## Table of Contents:

### Introduction
   
### Section 1: Data Preparation

-   Statements, Libraries, functions and tools
-   Collecting data
-   Converting to pandas dataframe
-   General Preproccessing


### Section 2: Preprocessing:Gensim - model:Random Forest


-   Cleaning and tokenization dataset by Gensim preprossing package.
-   Vectorization : word2vec embedding 
-   Fit Ranodom Forest Classifier
-   Evaluation the model
 


### Section 3: Built in a Basic RNN

-   Tokenization dataset by keras 
-   Pad the sequences with the same length
-   Fit the Model


## Introduction

This notebook trains couple of models to classify tweets as a hate speech or not based on the text of the tweets.

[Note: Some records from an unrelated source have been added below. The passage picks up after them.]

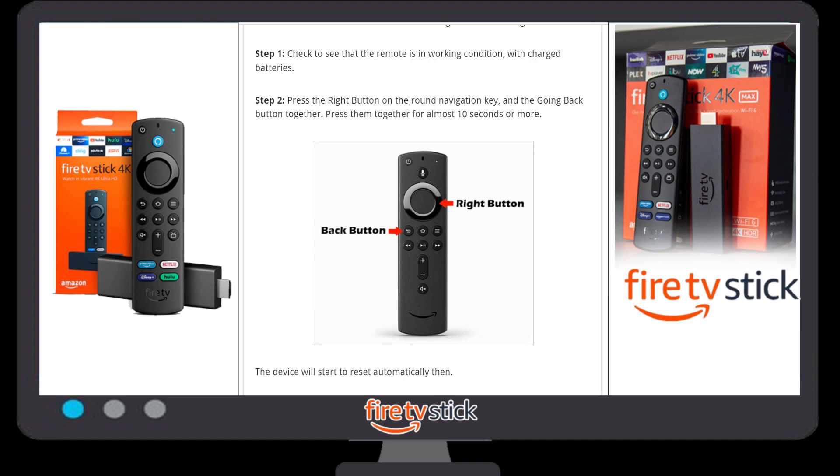Here is one more method. By using this method you can easily reset your Fire Stick device using only the remote. First of all, you need to check that your remote is working and make sure your batteries are charged. You need to click on the remote's right navigation button.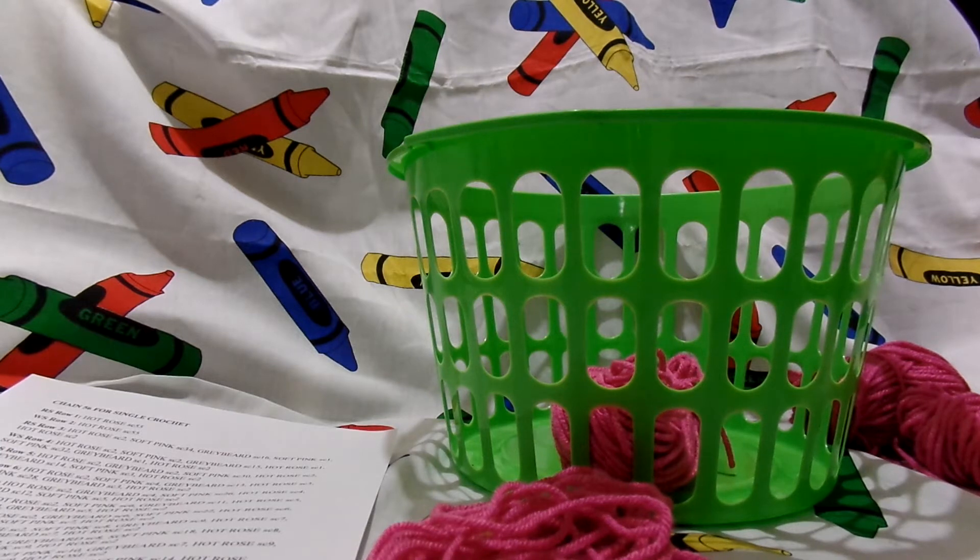Hey guys, this is Angela and it's time to start our pinwheel pattern. Our pattern says right side, which is RS, row 1, hot rose, single crochet, 55.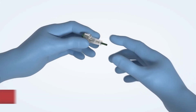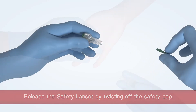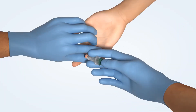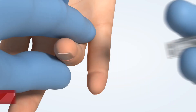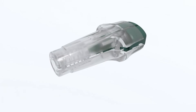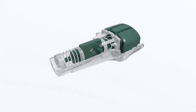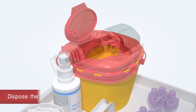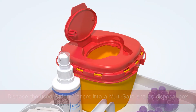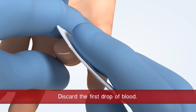Take the safety lancet and twist off the safety cap. Dispose the used safety lancet into a multi-safe sharps disposal box. Use a swab and discard the first drop of blood.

The tweets are primarily in English Language
we used the [tweets_hate_speech_detection](https://huggingface.co/datasets/tweets_hate_speech_detection#source-data) from the Hugging face.

label : 
- it is a hate speech, 
- not a hate speech.

## 1. Data Preparation 

### 1.1.  Statements, Libraries, functions and tools

In [103]:
import nltk
import pandas as pd  # data processing, CSV file I/O (e.g. pd.read_csv)
import numpy as np


# nltk:
import re  # use if tor tokenizing
import string

#sklearn
import sklearn
from sklearn.ensemble import RandomForestClassifier
# Model Evaluation:
from sklearn.metrics import precision_score,recall_score
from sklearn.model_selection import train_test_split

#gensim
import gensim

# tensorflow:
import tensorflow as tf
from tensorflow.keras.models import Model
from tensorflow.keras.layers import *   # layers, losses, preprocessing
from tensorflow.keras.losses import sparse_categorical_crossentropy
from tensorflow.keras.optimizers import Adam

import keras.backend as k
from keras.layers import Dense,Embedding, LSTM
from keras.models import Sequential

from keras.preprocessing.text import Tokenizer
from keras.preprocessing.sequence import pad_sequences




In [3]:
print(tf.__version__)

2.8.0-rc1


### 1.2. Collecting data from Hugging Face:

In [19]:
from datasets import list_datasets,load_dataset
from pprint import pprint

dataset = load_dataset("tweets_hate_speech_detection" , split = "train"  )

Using custom data configuration default
Reusing dataset tweets_hate_speech_detection (C:\Users\smora\.cache\huggingface\datasets\tweets_hate_speech_detection\default\0.0.0\c6b6f41e91ac9113e1c032c5ecf7a49b4e1e9dc8699ded3c2d8425c9217568b2)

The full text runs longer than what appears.